Review of Mood Indigo - Sam Smith  Nov 2024

Wendy Klein and I did a book swap. Let Battle Commence was not as anticipated: this is a very big little book, its literary weight worthy of the angst that went into its making, the title as readily descriptive of the Shall-I? Should-I? girding of loins prior to Wendy addressing her family’s past.

War poems have long become a genre all their own. Anti-war poems especially. Rudyard Kipling even, while beloved of the warmongering right, still excoriated post-war British governments with his Tommy-this and Tommy-that. A neglect of ex-service personnel that continues to this day. Tennyson’s Charge of the Light Brigade, although seeming to glorify heroism, served more to demonstrate war’s waste and futility. Indeed it is hard to find a writer who does glorify war. Even that old macho Hemingway compiled one of the best anthologies of war writing, of what it is like to be actually under fire, even featuring Stendhal on the Napoleonic wars.

Wendy has followed in that appalled-by-war literary tradition with her poems based on her great grandfather’s letters home from within the US civil war. Generally the collection is one long reconciliation, her long ago grandparent having been fighting for the Confederates, and thus supporting slavery, and her being of this 21st century’s cosmopolitan culture.

Hers is a clear-eyed view of the past, and as importantly of the imperfect present.
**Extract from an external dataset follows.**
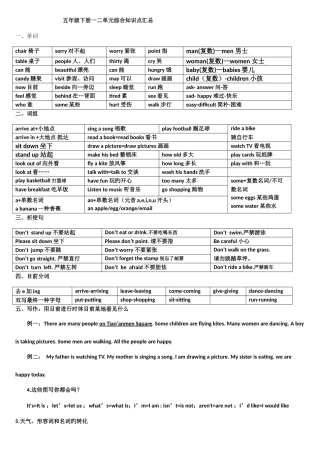 2025年小学英语冀教版五年级下册知识点汇总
She manages to convey a familial empathy for her ancient relatives, while being both appalled by her great grandfather’s cause and his wartime predicaments. The opening poem for instance is in the spirit of the aforementioned Kipling poem, but hers as an old-fashioned newspaper vendor shouting out the headlines, which serve to detail the killing innovations made during that civil war.

I find myself reluctant to quote any single poem here as each contributes to the whole and any one would be an imperfect example. The collection could also be called one long lament wherein she bemoans the ancestry of modern day weapons too. Recounted with no illusions she tries to forgive her forebears, their being of a time and place, but yet… We are none of us now perfect, and what will the future make of us? Us with our ongoing wars?

I don’t think I’ve come across a poetry collection like this before, one that goes to such depths to avoid easy judgements. As conflicted as Walt Whitman’s accounts of nursing in that war, Wendy Klein’s inner turmoil is what makes this book so big, that gives it such a density, the wanting to be proud, admitting to the shame, embracing her ancestors’ humanity, her reluctance to judge while knowing that she ought to and yet… and yet.